Si el héroe antiguo traía calores de renglones presupuestarios y de groserías variadas, ahora se nos invita a soñar con asuntos inmateriales, vagos, idealizados, tocados de una figuración teológica y espiritual.

Frente al espejo de la realidad de la crisis, el espejismo de la fantasía, de la torre del viento, del castillo en el aire, de la quimera ... Pero ¿no se han fabricado las mejores invenciones del espíritu precisamente con esos materiales? ¿Dónde tienen cabida pues las aprensiones y los recelos?

Estamos en tiempos de magia, de simulacros en la Red, de mitos, es decir de todo lo que de bueno hay por el mundo.
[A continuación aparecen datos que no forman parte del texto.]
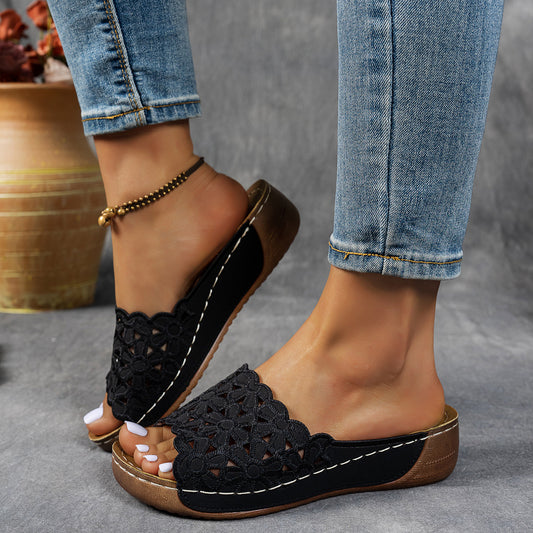 New Flower Cutout Women's Outer Wedge Beach Slippers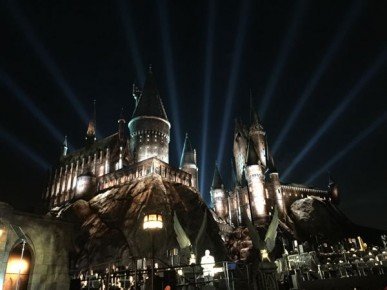 WizardingWorldofHarryPotter_Hogwarts_Castle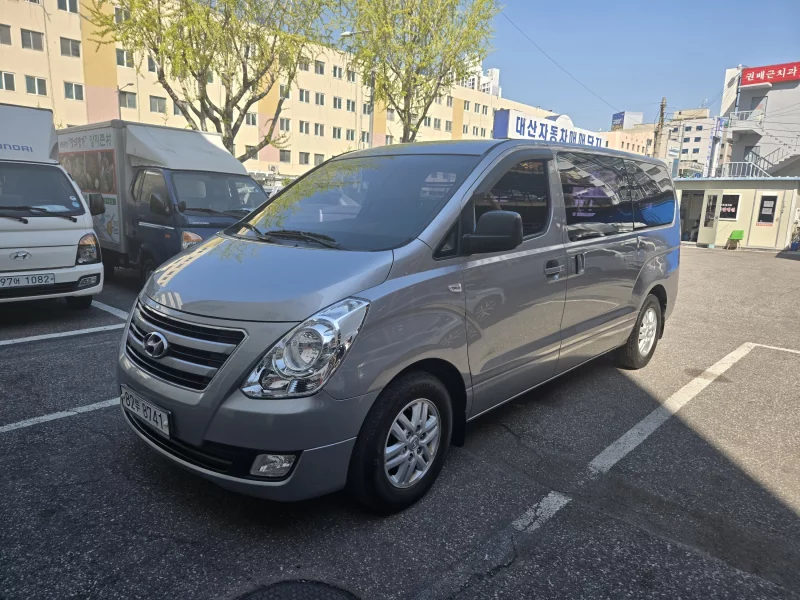 Hyundai Grand Starex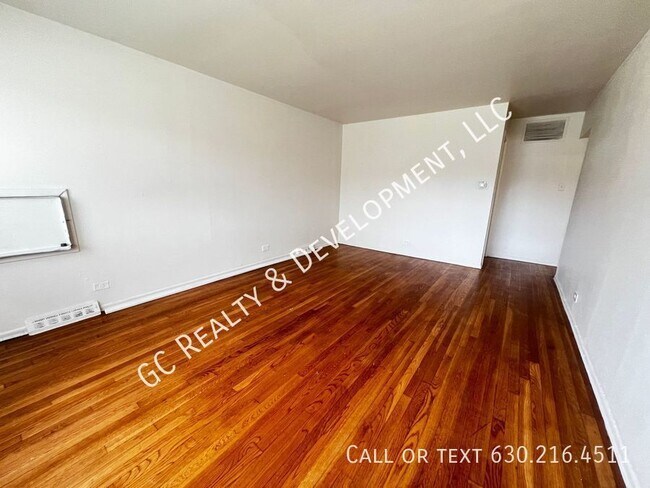 Foto del edificio - ***CHICAGO HEIGHTS / 3 BEDROOMS / 1 BATH /...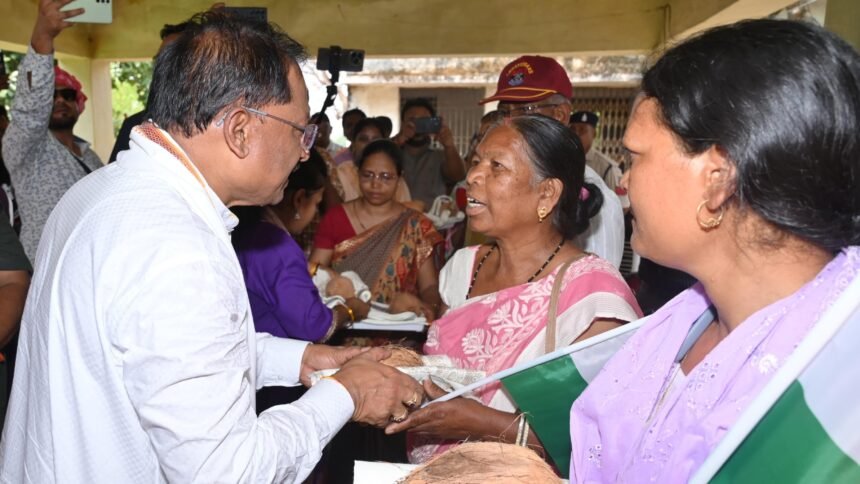 सीएम साय ने तिरंगा यात्रा के अवसर पर शहीदों के परिजनों को शाल और श्रीफल भेंटकर सम्मानित किया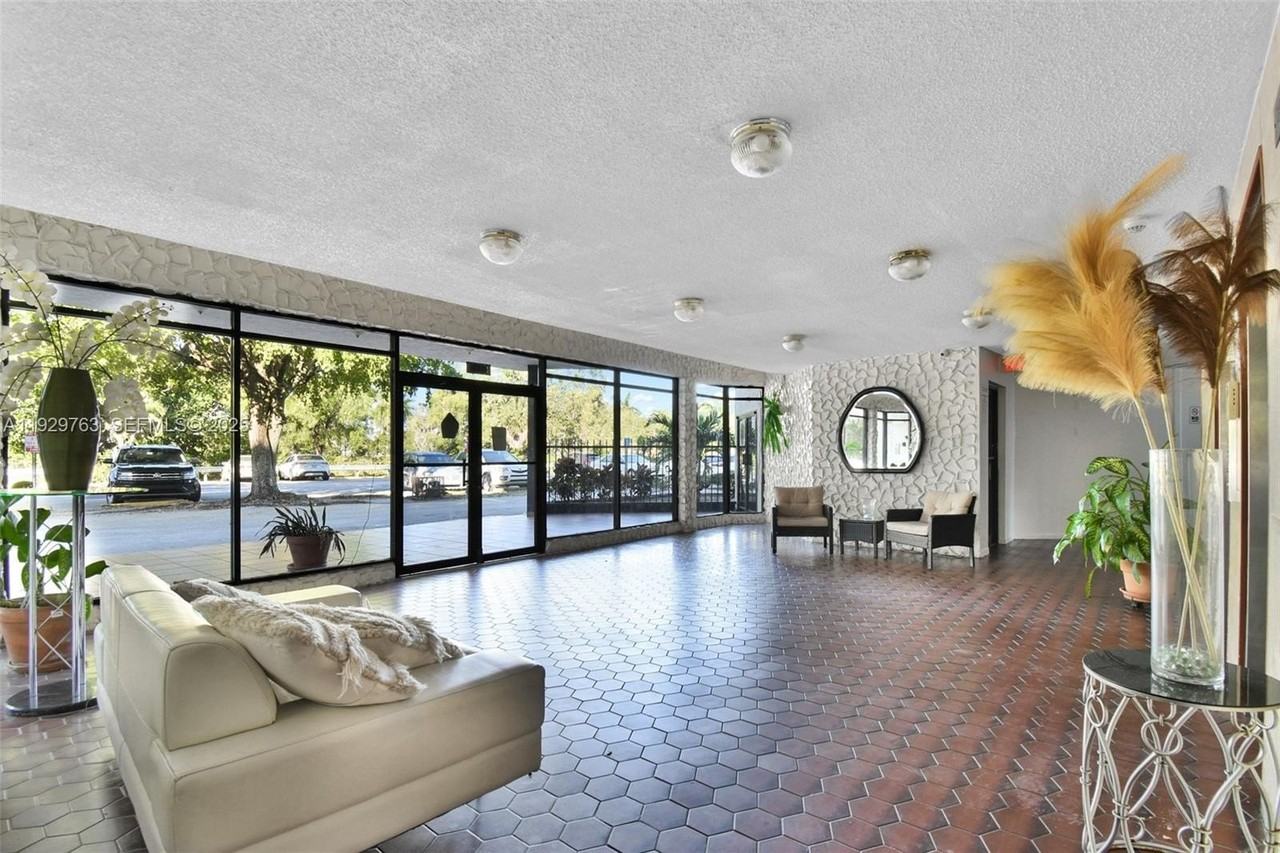 9682 Fontainebleau Blvd #306 - Photo 6 of 20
No me gusta, sin embargo, y este es un serio reproche a quienes quieren “gestionar las ilusiones”, el verbo empleado. Porque “gestionar” suena a negocio, a agencia de seguros, a diligencia ante la Agencia Tributaria o la notaría, a pago del alquiler o del plazo de la hipoteca. Todo lo que de parabólico tiene el descubrimiento de la palabra “ilusiones” queda literalmente arruinado con el verbo maldito, seco, un verbo que trae sobresaltos de silbido desgarrado o, peor, de puñetazo.
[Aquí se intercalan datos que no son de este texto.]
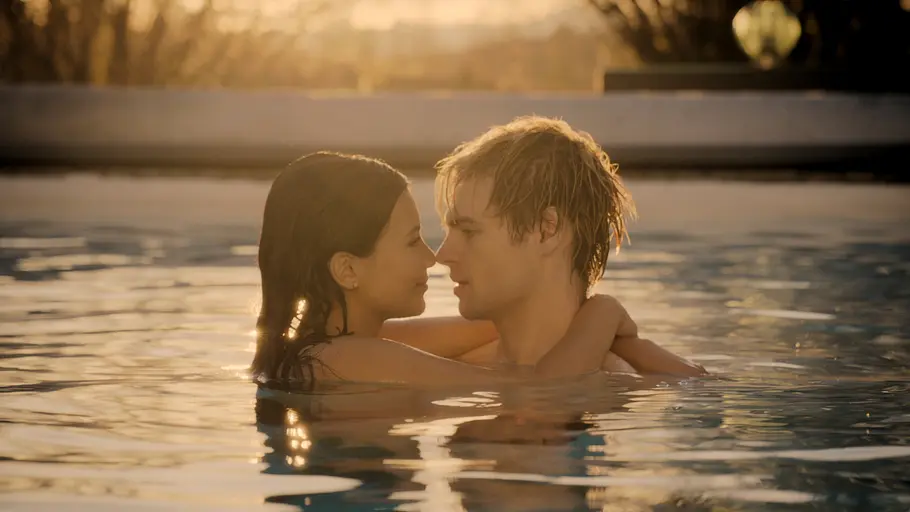 Cole und Jackie machen im Pool rum.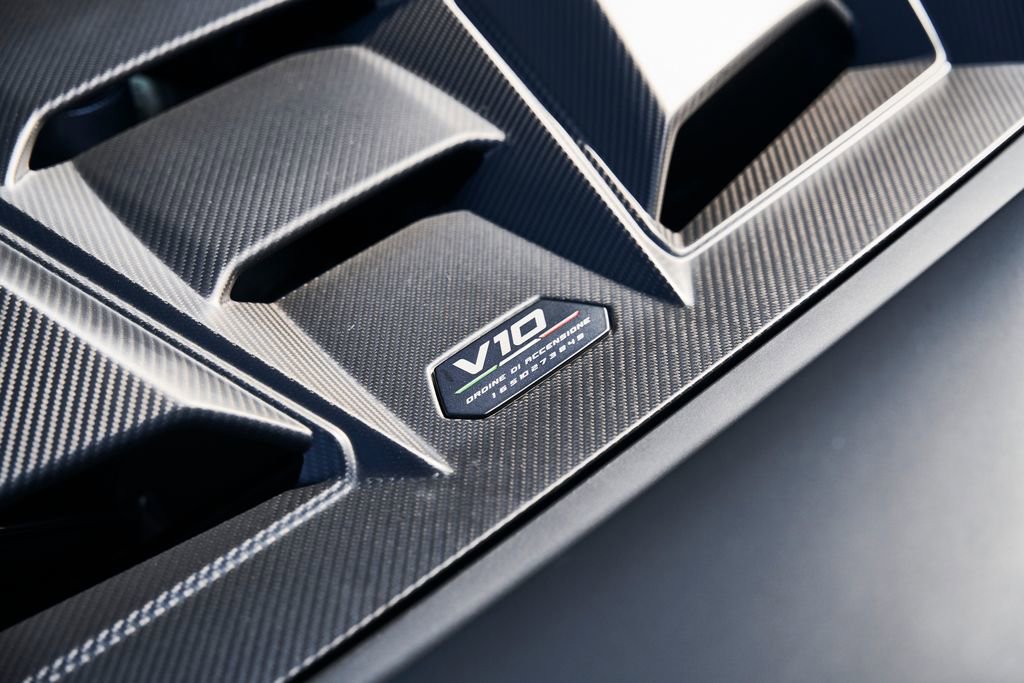 Used 2023 Lamborghini Huracan Tecnica image 13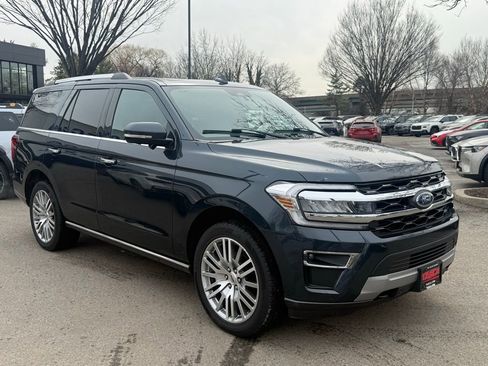 Used 2023 Ford Expedition Limited image 4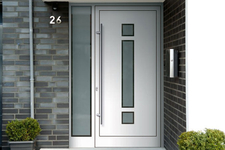 Pforte mit eleganter Verglasung und Aluminiumverzierung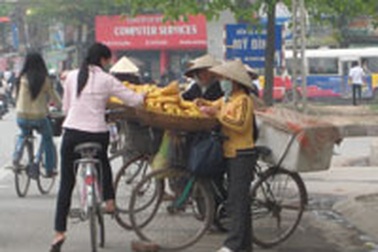 Chưa hết “bệnh” lấn chiếm vỉa hè, lòng đường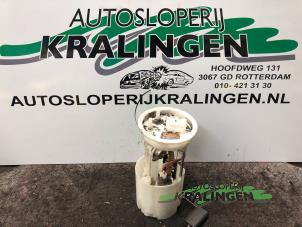 Gebruikte Benzinepomp Volkswagen Fox (5Z) 1.4 16V Prijs € 50,00 Margeregeling aangeboden door Autosloperij Kralingen B.V.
Por favor: sustitúyase por “acariciar” y se verá cómo el discurso queda ya perfecto, embalado en las más aladas ensoñaciones. Además, en vez de “lista” pongamos “alarde” que es vocablo con aroma a pergamino: “alarde de acariciadores de ilusiones”. ¿No habremos envuelto a la política en la cinta de las palabras armónicas liberándola de su maldito olor a grasa de una sala de máquinas?